そこで、農業や漁業の生産地に近いところにある港が賑わいそこが自然と大きな町になります。

これが港町です。

こういう港町は、やはり経済の発達した近畿地方を中心に多くできました。
例えば、淀川(京都府・大阪府)沿いの地方、琵琶湖の岸部、瀬戸内海地方がそうです。

しかし、室町時代には、太平洋や日本海方面にも次第に港町が増えてきました。

港の中でも、博多(福岡市)・兵庫(神戸市)堺などは、国内だけでなく、中国との貿易港としても大切なところでした。

これらの港には、船から下ろした荷物を保管したり生産物を売り捌いたりする問屋の倉庫が立ち並んでいました。

そして、船頭・水子・人夫・馬借・車借など、という交通の仕事をする人々の小屋がたち市場商人や職人の店もにぎわいました。

門前町

水運の発達につれて、陸上交通もたいへん進歩しました。
そのため、神社や寺院にお参りする人も自然と増えてきました。

京都や奈良などの古い都には昔から大きな神社や寺院がたくさん立ち並び、その前には、市などが栄えていました。

それが室町時代になると、交通が以前より、ずっと便利になったので、お参りにくる人々が急に増えてきたのです。

そして、こういう人々を目当てに店や宿屋が出来、非常に繁盛するようになりました。
近江(滋賀県)の坂本も、交通の要地である上に比叡山のふもとにあったので延暦寺の門前町として栄えました。

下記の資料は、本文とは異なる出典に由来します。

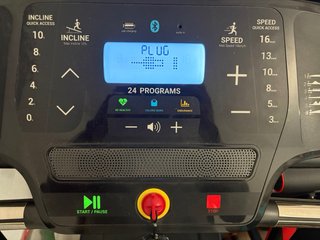 Cinta de correr eléctrica 16km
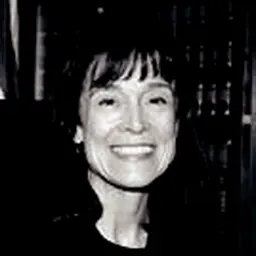 Portrait of Valerie Baker Fairbank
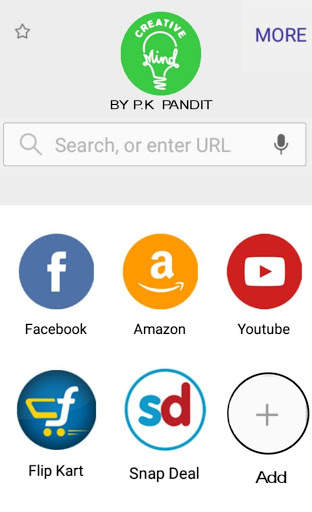 FAST PRIVATE BROWSER screenshot 2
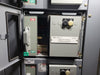 SQUARE D Model 6 Motor Control Center MCC Section, 600V, 3PH, 1200A Bus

また、伊勢(三重県の一部)の宇治山田は伊勢神宮の門前町として、たいへん賑わいました。
その他、長野の善光寺、諏訪の諏訪明神にもそれぞれ門前町が発達していました。

一向宗の蓮如上人が建てた、摂津の石山本願寺(大阪市)は、境内の中に、6つも町がありました。

こういう町を寺内町と呼びます。

石山本願寺の寺内町は、周りに土の塀を巡らし堀を掘り、四方に門まで作っています。

そして、この中では、住民の自治もある程度まで、認められていたようです。

城下町

荘園に住んでいた豪族たちは自然の地形な利用して山城を築いたり、それに似た屋敷を作っていました。

そして、その近くに市を開かせ必要な品物を、間に合わせていたのです。

このような豪族が勢いを得て、または数か国を支配するようになると狭い山城では生活しにくくなってきます。

多くの家来を取り締まるのにも不便です。
そこで、彼ら交通の便利な平野に出てそこに平城を築いて住むようになりました。
また、家来をこの平城の周りに集め戦のときには、すぐ役に立つようにしたのです。

そして、ここに商人や職人を呼び集めて家来たちが暮らしていけるようにしました。

このようにして出来たのが城下町です。

城下町は、港町や門前町のように自然に出来上がったものではありません。
これは、大名たちが、政治を行ったり戦争をしたりするのに都合のよい場所に新しく作り上げた都市です。

城下町としては、今川氏の駿河の駿府(静岡市)、上杉氏の越後(新潟県)の直江津大内氏の周防(山口県) の山口などがあります。

宿場町

これらの都市の他にも1つ、宿場町というのがあります。

これは、南北朝時代頃から陸上の交通が非常に発達したため、街道の主なところに自然に出来上がった都市です。

宿場町は、はじめ、東海道などを旅する人々のためにできた宿屋を中心としておこったものです。
これは、港町や城下町と比べるとそれほど大きい都市ではありません。

しかし、室町時代の末頃になると、北条・今川・武田・上杉・徳川などの大名たちが、それぞれ宿場を保護し、伝馬の制度を設け、また商人な呼び寄せるために税をタダにしたりしたので各地の宿場が、多いに、賑わいました。